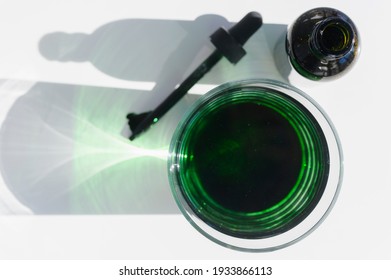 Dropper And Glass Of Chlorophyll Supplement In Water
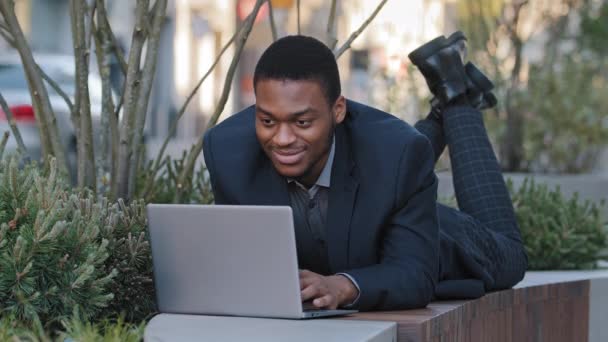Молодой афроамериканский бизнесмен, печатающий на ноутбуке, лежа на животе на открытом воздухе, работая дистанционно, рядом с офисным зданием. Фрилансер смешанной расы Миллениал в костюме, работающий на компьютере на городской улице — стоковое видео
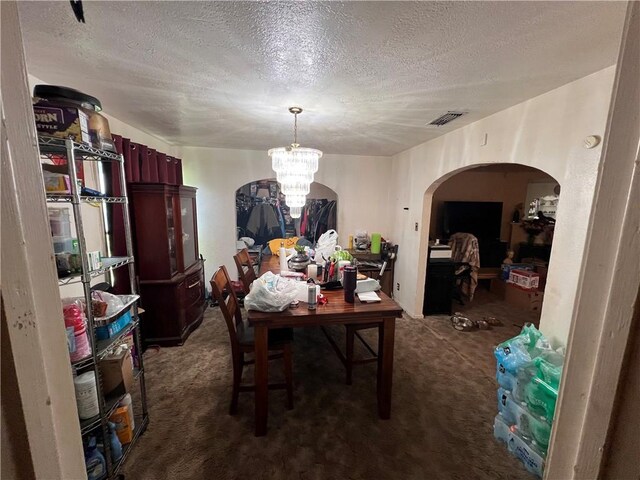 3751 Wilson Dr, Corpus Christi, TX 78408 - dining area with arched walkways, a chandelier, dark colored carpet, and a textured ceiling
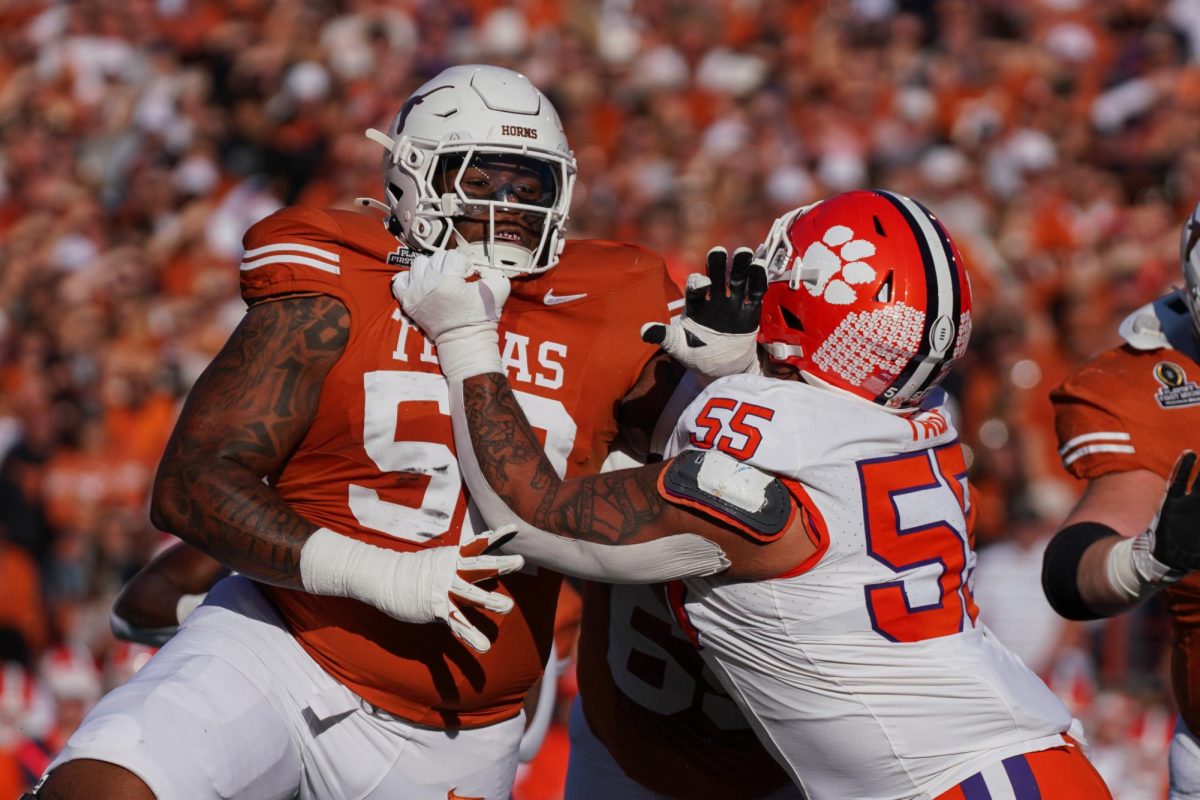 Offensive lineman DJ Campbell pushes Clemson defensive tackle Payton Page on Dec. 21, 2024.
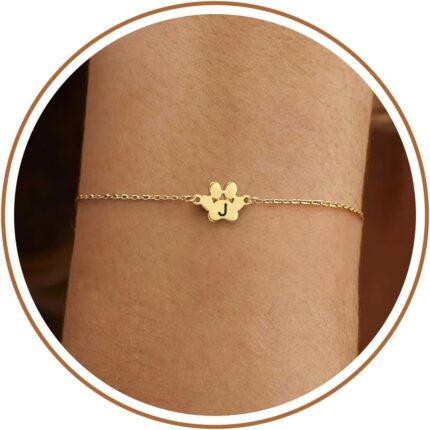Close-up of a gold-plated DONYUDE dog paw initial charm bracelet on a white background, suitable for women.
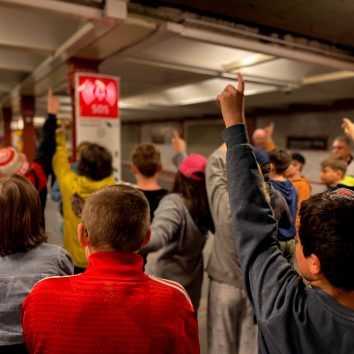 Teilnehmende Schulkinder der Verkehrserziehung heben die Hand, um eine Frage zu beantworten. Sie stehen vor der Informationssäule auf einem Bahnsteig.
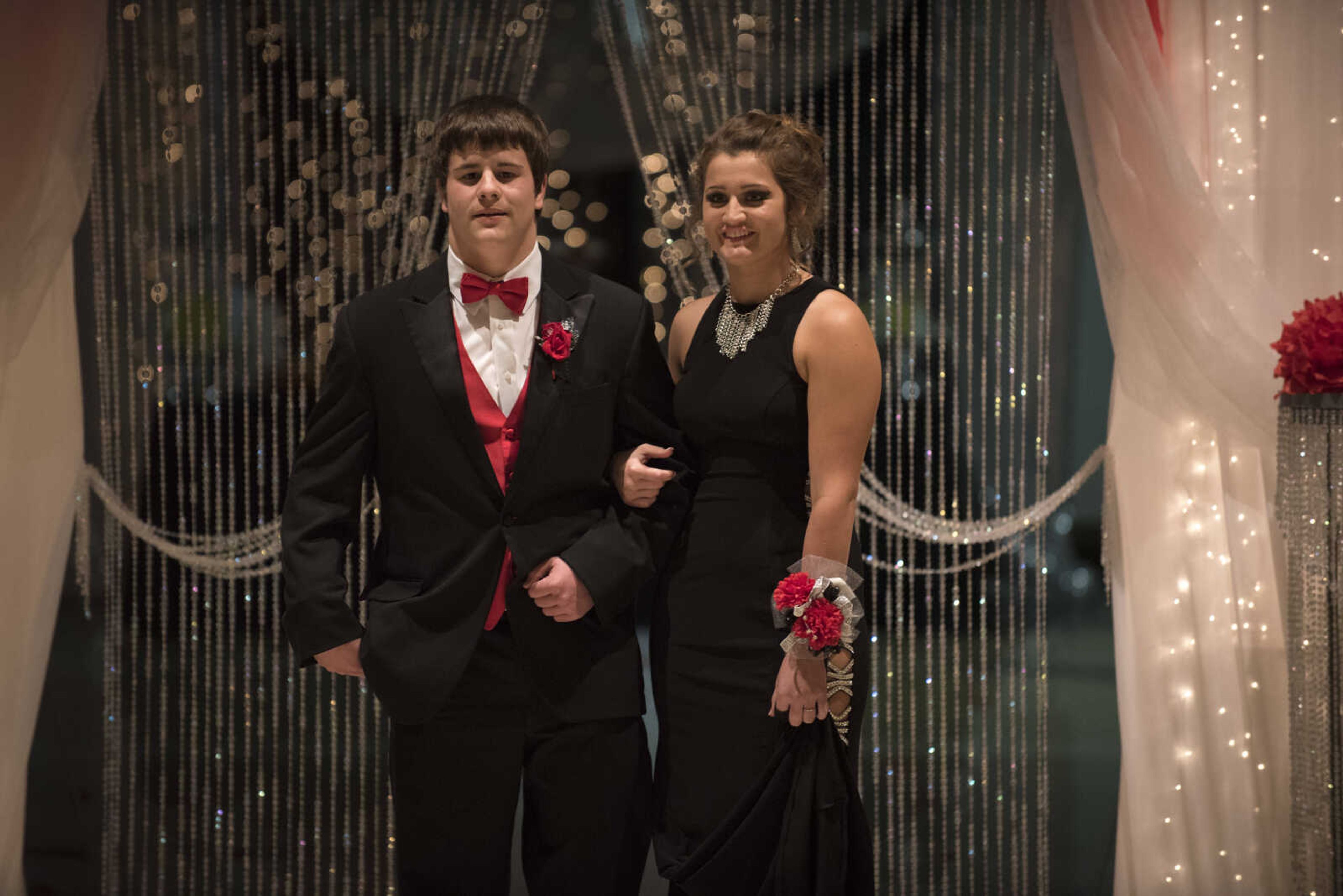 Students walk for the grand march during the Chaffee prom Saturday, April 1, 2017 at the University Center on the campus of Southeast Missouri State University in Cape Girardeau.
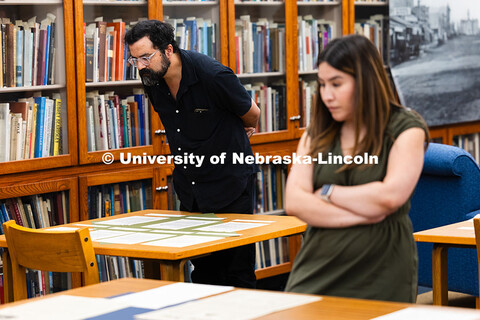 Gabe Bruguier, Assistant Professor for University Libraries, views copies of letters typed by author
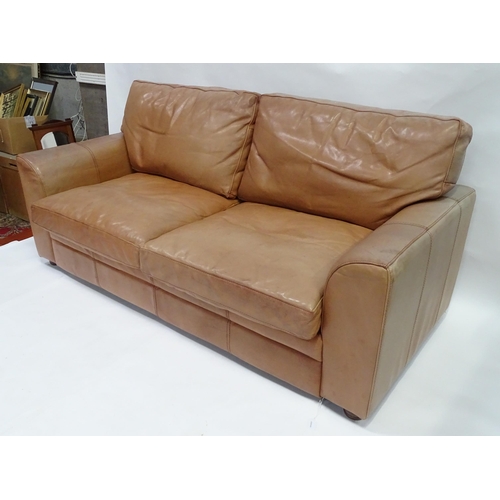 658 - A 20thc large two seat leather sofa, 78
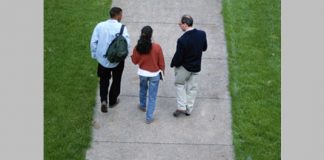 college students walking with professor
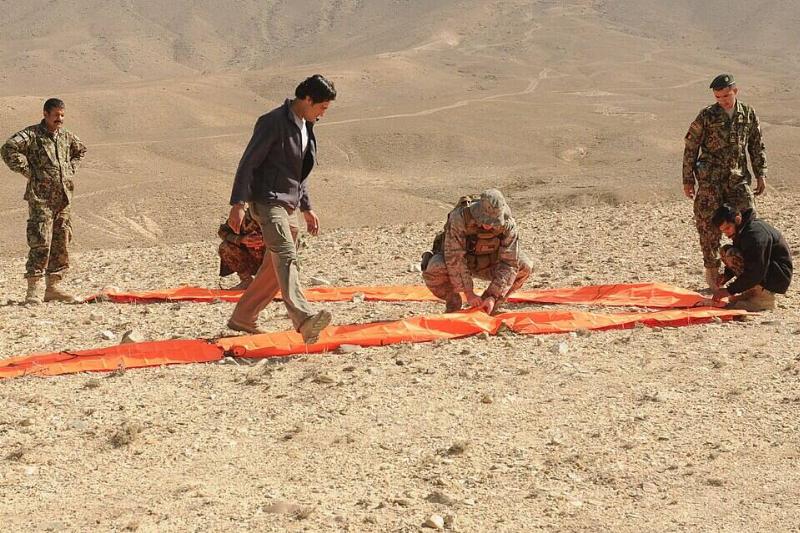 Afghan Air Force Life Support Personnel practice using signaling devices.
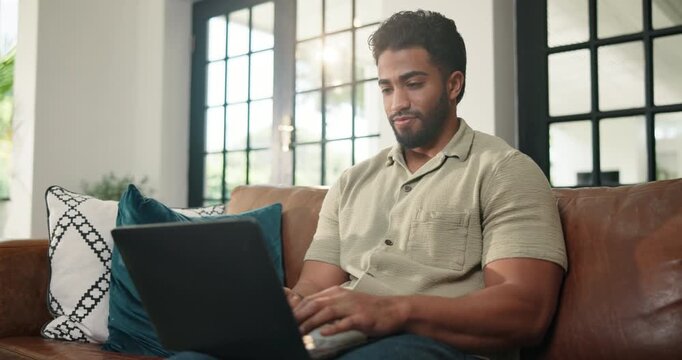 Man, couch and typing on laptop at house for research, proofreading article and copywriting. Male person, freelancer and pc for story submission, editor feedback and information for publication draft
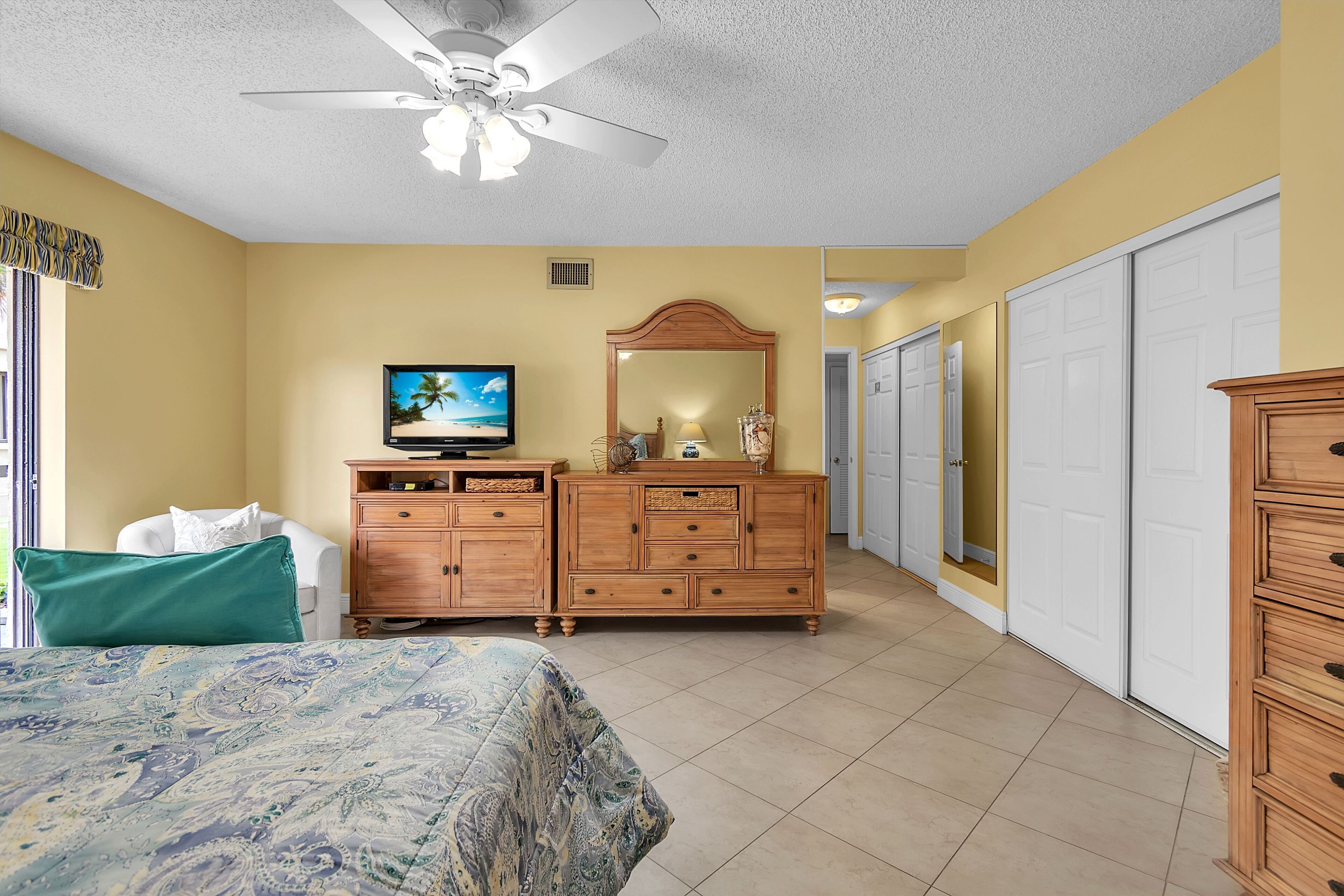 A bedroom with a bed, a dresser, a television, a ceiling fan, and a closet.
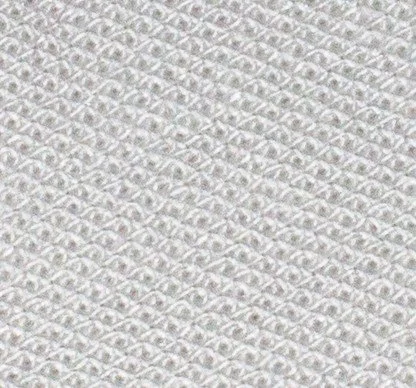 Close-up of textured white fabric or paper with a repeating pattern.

-*-*-

Task details:
Please repeat the lines that run from the one holding "Afghan Air Force" to the last line of the material, both included, exactly and without pictures.

Answer to this exercise:
 Afghan Air Force Life Support Personnel practice using signaling devices.
 Man, couch and typing on laptop at house for research, proofreading article and copywriting. Male person, freelancer and pc for story submission, editor feedback and information for publication draft
 A bedroom with a bed, a dresser, a television, a ceiling fan, and a closet.
 Close-up of textured white fabric or paper with a repeating pattern.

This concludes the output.